- _Task statement_: Below are entries; repeat exactly, and nothing else, the lines from the one holding "Ruth Bader Ginsburg" through the one holding "公益义诊深入乡镇,把医疗服务送到家门口", inclusive. Leave the pictures out.

- _Available records_:
___
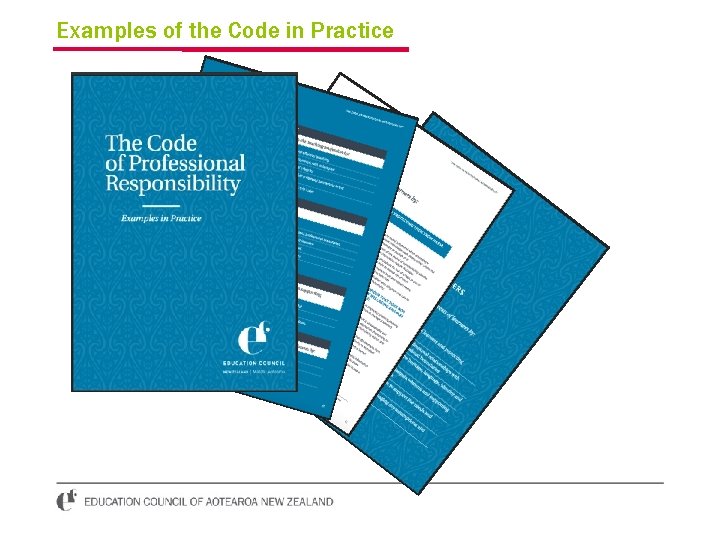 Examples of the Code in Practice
___
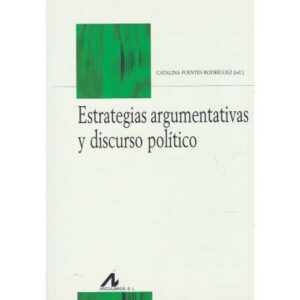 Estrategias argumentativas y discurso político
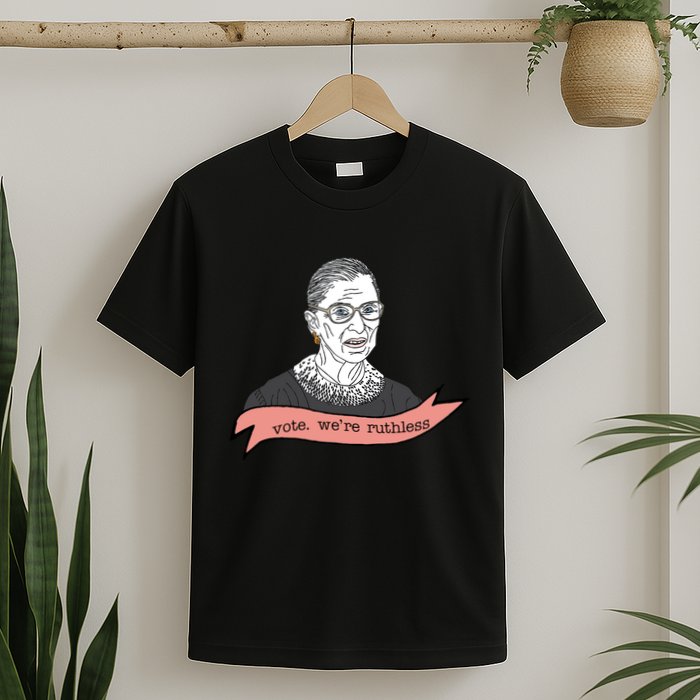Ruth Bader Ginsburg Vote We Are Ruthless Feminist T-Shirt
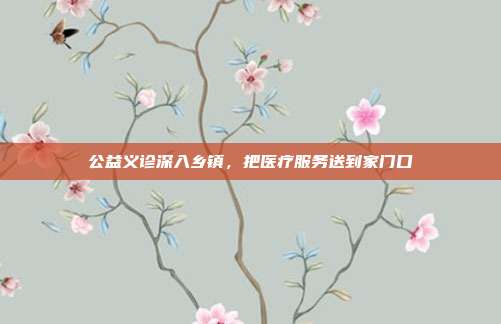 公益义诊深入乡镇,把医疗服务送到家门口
___
- _Response for this exercise_:
Ruth Bader Ginsburg Vote We Are Ruthless Feminist T-Shirt
 公益义诊深入乡镇,把医疗服务送到家门口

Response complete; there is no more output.